Sharing data with third parties — a data protection reminder

While running your group, you may need to share personal information about your group members and/or those who use your services. Any third-party providers handling this data must undertake to keep it safe.



  • If your group provides a service such as an exercise class, you must have a signed Service Level Agreement (SLA) in place with the service provider, whether this is an individual or an organisation.
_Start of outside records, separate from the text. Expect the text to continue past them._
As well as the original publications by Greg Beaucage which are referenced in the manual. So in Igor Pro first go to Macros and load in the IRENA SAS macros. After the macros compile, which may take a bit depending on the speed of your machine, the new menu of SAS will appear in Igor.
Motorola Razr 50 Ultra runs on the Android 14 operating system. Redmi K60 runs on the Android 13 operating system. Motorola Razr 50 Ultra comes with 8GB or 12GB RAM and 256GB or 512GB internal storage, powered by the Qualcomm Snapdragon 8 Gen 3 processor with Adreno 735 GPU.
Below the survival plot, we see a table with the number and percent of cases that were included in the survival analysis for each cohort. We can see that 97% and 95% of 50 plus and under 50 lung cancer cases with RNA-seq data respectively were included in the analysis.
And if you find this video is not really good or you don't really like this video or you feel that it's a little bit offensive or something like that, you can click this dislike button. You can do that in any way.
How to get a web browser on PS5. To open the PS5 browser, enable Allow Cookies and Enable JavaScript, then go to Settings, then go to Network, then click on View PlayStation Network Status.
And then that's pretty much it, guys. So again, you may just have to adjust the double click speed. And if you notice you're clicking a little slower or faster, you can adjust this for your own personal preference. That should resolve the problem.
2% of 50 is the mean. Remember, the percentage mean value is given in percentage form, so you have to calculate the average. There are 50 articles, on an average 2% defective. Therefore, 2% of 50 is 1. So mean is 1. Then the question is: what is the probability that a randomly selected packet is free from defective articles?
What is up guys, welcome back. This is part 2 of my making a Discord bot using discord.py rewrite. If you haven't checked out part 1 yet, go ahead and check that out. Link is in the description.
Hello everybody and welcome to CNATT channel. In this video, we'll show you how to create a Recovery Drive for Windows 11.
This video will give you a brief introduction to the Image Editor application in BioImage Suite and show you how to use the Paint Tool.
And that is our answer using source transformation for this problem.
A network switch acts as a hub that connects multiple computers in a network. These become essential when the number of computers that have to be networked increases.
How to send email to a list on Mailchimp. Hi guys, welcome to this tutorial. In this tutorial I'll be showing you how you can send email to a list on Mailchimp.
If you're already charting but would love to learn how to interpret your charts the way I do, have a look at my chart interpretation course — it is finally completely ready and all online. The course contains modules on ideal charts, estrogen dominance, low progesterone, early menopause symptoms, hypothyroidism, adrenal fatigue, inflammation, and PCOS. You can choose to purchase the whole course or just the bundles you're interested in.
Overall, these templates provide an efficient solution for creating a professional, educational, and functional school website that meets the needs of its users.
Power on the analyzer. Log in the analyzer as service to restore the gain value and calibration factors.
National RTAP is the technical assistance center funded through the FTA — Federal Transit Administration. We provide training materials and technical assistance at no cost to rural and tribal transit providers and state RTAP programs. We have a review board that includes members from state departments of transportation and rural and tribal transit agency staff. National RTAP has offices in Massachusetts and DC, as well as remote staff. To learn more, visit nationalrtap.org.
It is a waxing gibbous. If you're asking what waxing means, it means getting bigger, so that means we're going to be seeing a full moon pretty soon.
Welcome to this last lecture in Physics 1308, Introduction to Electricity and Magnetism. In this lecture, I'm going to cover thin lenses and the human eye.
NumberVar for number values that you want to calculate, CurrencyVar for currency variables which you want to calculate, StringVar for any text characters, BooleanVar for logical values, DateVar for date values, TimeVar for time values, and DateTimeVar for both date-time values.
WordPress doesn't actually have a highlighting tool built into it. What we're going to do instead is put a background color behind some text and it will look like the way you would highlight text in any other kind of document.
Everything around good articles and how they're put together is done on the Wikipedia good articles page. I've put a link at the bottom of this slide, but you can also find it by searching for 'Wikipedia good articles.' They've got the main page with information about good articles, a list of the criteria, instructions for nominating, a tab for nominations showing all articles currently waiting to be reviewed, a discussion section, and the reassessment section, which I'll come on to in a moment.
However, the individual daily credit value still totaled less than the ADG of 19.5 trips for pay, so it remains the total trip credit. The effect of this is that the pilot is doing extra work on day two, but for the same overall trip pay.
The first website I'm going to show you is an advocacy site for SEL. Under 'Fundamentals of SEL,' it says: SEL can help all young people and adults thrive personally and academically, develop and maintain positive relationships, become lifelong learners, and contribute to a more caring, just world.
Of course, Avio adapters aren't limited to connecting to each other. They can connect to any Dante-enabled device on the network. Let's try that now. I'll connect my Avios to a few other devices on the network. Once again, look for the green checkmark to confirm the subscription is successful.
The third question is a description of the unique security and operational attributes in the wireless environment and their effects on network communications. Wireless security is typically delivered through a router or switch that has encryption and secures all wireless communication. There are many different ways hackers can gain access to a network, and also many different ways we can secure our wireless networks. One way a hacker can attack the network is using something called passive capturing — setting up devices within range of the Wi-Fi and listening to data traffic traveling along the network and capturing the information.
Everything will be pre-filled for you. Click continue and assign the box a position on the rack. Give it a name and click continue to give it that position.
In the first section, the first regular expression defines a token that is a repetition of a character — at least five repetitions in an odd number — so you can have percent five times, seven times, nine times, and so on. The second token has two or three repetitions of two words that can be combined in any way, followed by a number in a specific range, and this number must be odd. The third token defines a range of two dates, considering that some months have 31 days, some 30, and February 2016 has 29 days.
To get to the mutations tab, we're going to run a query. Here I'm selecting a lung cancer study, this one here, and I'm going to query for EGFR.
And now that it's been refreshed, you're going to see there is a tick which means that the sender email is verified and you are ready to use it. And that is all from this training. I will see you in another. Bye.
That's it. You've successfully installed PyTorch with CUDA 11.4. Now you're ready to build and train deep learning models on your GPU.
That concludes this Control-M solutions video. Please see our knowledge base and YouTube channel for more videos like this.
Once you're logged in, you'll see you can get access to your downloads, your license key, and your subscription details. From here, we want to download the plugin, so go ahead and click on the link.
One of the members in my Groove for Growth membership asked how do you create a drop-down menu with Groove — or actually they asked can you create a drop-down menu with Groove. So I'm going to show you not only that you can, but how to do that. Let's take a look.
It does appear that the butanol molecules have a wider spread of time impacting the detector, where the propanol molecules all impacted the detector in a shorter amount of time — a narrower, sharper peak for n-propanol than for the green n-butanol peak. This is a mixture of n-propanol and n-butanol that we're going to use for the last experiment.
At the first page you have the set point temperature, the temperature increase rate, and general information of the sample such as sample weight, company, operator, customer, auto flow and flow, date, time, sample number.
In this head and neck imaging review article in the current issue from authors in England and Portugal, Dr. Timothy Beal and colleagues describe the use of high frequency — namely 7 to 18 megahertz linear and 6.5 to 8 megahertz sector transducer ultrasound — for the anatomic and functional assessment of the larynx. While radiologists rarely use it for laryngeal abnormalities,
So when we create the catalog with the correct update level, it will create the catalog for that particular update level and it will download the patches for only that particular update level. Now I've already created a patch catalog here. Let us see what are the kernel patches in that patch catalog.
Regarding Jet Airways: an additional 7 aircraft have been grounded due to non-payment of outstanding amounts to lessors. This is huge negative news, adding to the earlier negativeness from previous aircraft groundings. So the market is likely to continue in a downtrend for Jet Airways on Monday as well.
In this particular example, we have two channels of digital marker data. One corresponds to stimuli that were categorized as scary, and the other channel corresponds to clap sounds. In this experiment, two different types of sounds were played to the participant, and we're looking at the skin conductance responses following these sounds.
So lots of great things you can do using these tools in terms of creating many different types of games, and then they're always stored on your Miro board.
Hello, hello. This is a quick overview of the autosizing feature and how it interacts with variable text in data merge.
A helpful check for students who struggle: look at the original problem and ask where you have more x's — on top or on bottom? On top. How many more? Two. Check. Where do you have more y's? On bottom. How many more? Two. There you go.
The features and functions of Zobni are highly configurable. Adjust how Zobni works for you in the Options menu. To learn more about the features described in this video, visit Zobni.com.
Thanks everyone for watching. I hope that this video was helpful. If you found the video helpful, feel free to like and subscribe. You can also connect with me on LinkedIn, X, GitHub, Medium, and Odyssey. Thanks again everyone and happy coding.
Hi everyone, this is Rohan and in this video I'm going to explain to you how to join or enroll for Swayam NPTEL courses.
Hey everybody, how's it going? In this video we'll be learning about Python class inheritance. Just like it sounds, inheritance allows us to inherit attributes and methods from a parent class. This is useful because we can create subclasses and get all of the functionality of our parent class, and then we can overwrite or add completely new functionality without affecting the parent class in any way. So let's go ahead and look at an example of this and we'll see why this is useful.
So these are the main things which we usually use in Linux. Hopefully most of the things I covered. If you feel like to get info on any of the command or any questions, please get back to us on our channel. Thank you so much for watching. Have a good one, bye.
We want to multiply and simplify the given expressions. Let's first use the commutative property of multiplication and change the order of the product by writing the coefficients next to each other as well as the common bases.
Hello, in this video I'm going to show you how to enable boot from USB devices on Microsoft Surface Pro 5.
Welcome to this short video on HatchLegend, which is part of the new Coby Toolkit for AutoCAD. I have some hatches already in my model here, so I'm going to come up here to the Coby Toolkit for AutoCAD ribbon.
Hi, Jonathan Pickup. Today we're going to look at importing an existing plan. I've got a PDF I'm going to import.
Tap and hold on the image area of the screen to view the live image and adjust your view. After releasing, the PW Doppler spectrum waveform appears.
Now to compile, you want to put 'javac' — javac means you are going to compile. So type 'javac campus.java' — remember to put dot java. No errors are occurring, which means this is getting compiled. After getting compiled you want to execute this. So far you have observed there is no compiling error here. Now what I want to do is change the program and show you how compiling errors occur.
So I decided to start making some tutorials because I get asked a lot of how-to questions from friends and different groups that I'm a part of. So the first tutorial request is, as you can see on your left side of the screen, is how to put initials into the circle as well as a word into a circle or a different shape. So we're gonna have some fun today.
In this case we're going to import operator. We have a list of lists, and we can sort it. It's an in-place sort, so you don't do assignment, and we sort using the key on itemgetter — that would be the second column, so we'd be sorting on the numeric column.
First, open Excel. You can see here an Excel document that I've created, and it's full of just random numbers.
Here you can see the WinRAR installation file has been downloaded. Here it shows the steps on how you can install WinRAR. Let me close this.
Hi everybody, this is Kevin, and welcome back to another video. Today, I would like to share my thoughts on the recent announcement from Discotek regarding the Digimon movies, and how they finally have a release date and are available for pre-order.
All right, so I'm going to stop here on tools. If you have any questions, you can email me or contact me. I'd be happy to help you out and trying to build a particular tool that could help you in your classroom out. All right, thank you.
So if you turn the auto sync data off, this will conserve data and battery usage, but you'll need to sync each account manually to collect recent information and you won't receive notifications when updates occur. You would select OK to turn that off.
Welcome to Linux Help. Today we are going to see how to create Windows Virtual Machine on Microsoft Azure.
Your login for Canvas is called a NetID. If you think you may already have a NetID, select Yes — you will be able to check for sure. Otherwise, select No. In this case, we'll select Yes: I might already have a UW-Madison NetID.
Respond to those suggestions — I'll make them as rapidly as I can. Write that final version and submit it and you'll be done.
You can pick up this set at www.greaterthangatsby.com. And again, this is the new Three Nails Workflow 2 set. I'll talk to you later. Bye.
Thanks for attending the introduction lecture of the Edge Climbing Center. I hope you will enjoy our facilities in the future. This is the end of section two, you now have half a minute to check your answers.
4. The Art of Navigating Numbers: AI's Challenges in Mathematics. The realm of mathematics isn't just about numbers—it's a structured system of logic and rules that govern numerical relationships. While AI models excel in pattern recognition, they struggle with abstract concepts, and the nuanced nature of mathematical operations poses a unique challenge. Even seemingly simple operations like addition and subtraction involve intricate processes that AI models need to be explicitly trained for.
The SLA sets out the expectations of everyone involved. And this includes requiring the service provider to look after any personal data we share appropriately, in line with the UK GDPR.

  • If you regularly hire transport or a venue, the service provider must sign a Third-Party Data Protection Undertaking. This outlines our confidentiality and record-keeping requirements when handling personal data we’ve shared. You don’t need to use it for one-off taxi, restaurant or hotel bookings.

  • Back in July, we reminded you of the importance of checking with us before using any new software, online tools or apps which aren't provided or recommended by the MS Society. You can read more about this here. When data’s being processed electronically, it’s particularly important that data security checks are made.

A third-party software supplier may be based in a country which isn’t compliant with the UK GDPR. In this case, even where the provider passes our security checks, you’ll need to have a special type of contract in place with them before proceeding. But, wherever they’re based, appropriate paperwork will be required.

We’re here to advise

If you’re unsure whether you need to use an SLA or a Third-Party Data Protection Undertaking Form with a particular provider, contact the Volunteer Support Team on [email protected] .

If you’re considering using a software solution which hasn’t been provided or recommended by us, contact the Data Governance Team - [email protected] – before entering into any agreements. They’re a small team, so please give them as much notice as possible to carry out their investigations — preferably at least two weeks.

Thank you for helping ensure that our third-party providers keep the data entrusted to us safe.